What the exercise asks: In the listing below, count each line that contains "cellules". The reply is that count and nothing else.

Top of Data supplied

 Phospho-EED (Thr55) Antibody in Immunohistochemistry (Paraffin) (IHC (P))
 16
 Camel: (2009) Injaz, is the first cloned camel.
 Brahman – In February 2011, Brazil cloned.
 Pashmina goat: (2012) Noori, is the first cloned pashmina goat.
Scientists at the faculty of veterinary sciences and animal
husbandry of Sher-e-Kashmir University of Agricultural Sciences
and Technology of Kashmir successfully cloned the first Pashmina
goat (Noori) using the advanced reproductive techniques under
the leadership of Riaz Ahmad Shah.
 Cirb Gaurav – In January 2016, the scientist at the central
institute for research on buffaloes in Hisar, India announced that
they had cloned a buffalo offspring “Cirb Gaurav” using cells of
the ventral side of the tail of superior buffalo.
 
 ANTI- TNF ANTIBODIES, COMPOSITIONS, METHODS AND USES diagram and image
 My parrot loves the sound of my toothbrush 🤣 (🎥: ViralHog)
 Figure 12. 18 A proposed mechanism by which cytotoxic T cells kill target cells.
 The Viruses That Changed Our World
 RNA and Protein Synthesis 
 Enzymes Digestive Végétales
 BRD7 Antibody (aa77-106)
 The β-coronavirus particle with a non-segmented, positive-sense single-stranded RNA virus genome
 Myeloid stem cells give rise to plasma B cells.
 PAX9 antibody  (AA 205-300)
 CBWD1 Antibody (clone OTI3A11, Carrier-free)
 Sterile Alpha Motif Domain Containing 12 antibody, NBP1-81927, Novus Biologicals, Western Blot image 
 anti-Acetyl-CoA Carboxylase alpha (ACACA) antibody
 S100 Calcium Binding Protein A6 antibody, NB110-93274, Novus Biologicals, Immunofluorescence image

Bottom of Data supplied
Top of Data supplied

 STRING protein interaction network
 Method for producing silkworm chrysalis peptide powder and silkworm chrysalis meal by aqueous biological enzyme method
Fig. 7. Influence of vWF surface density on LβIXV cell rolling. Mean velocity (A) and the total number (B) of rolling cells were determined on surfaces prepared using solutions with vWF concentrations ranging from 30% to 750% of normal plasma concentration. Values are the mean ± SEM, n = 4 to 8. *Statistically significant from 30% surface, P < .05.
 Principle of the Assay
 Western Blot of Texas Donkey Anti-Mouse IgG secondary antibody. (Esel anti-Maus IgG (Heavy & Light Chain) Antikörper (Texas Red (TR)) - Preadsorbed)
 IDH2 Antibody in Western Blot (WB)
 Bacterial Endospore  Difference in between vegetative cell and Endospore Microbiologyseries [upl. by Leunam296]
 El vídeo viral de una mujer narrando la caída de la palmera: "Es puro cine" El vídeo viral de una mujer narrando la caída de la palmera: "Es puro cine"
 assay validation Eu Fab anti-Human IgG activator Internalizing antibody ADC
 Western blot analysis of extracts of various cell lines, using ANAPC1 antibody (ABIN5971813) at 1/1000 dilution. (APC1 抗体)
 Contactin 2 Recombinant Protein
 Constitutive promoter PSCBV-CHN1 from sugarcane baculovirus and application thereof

Bottom of Data supplied
Top of Data supplied

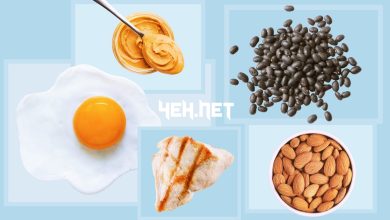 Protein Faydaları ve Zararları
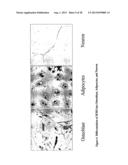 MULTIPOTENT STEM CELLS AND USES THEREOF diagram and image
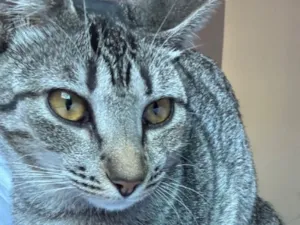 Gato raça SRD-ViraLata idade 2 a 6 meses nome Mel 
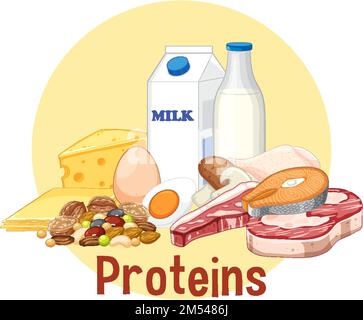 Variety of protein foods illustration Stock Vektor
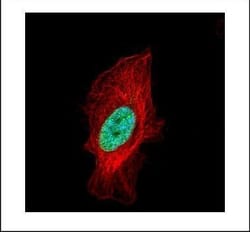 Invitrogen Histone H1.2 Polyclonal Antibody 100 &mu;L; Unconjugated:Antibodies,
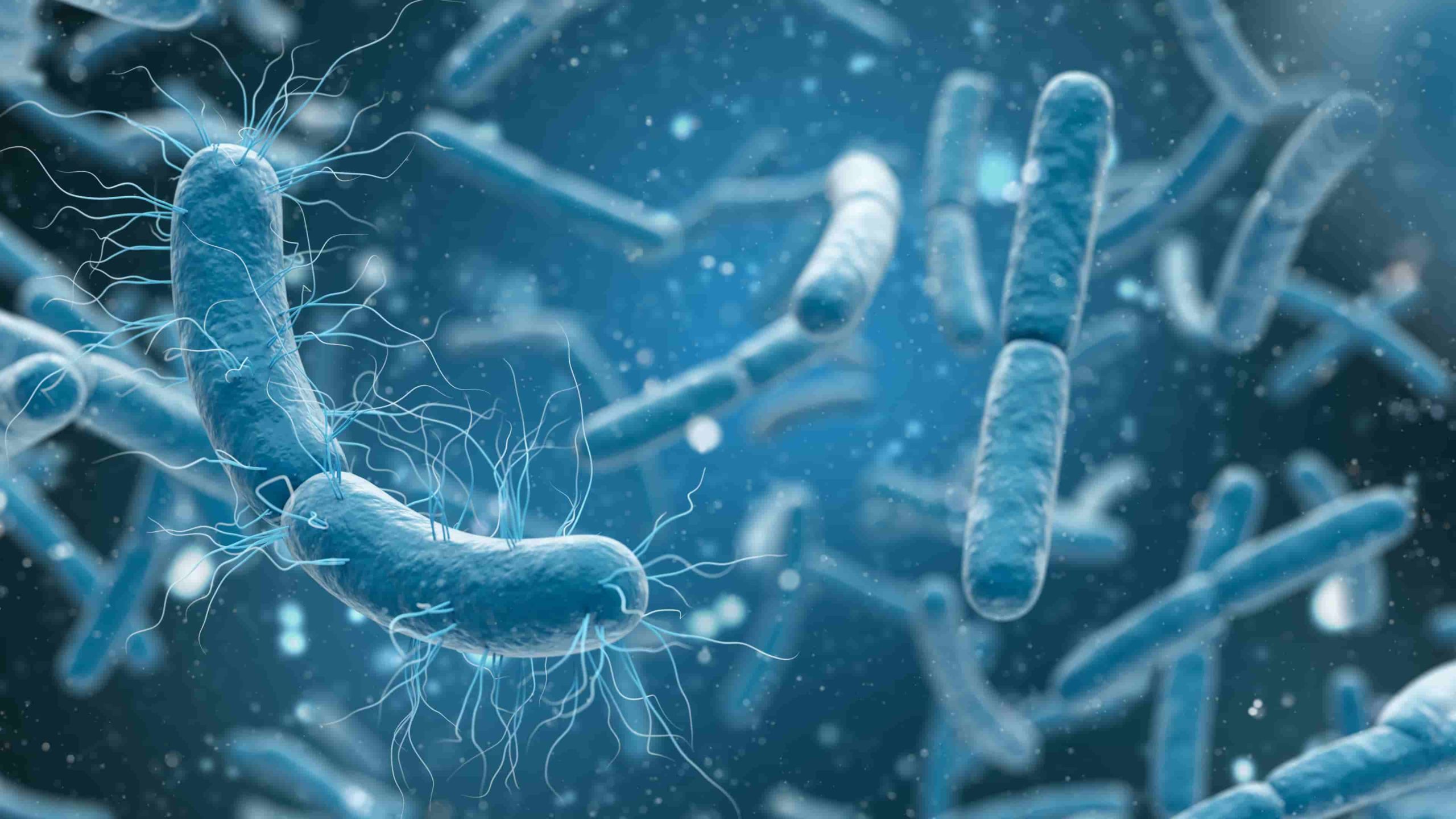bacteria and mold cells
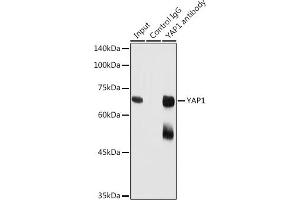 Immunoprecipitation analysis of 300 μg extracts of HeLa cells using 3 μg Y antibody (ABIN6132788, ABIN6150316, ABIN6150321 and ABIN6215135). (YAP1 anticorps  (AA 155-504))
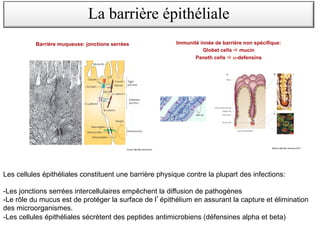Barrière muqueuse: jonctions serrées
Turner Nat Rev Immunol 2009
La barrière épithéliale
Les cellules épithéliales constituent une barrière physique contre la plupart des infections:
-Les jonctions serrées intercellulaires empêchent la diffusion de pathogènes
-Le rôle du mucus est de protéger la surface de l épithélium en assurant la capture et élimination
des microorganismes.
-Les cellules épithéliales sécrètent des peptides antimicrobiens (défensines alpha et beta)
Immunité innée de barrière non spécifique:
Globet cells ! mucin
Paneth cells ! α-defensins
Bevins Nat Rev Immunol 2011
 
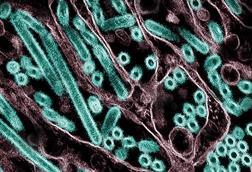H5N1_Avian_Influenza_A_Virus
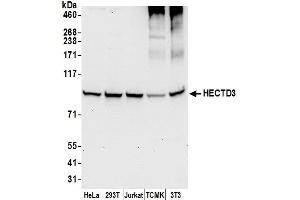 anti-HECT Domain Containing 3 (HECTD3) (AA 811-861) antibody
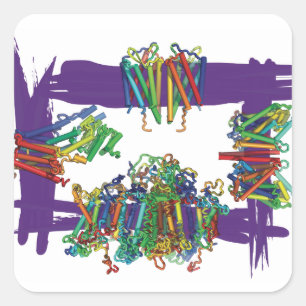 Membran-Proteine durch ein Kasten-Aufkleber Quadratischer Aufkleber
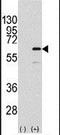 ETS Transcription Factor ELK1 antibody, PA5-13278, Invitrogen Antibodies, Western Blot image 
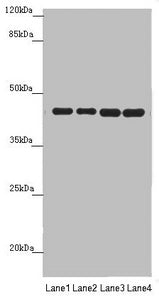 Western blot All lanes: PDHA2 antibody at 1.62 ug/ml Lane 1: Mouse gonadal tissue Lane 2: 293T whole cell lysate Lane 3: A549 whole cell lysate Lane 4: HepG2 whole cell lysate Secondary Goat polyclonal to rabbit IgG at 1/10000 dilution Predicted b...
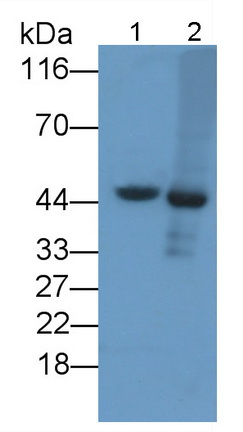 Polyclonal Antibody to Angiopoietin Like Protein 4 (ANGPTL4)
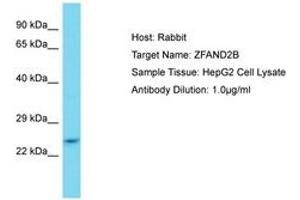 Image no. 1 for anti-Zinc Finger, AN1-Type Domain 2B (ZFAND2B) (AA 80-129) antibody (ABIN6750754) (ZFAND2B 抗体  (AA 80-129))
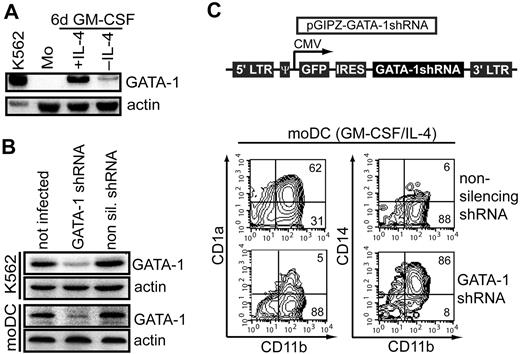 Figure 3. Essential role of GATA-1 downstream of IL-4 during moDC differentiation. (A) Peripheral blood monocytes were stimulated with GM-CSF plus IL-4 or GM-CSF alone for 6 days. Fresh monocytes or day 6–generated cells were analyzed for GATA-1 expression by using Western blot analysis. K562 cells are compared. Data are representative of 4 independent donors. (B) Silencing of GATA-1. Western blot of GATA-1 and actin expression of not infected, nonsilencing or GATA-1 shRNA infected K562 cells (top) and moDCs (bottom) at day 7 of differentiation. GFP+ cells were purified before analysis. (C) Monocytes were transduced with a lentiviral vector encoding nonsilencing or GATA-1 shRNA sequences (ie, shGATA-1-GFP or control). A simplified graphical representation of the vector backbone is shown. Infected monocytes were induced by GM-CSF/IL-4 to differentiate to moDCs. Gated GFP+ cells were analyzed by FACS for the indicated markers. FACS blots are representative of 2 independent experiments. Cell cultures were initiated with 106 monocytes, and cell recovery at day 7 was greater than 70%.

Bottom of Data supplied

Solution to this problem: 2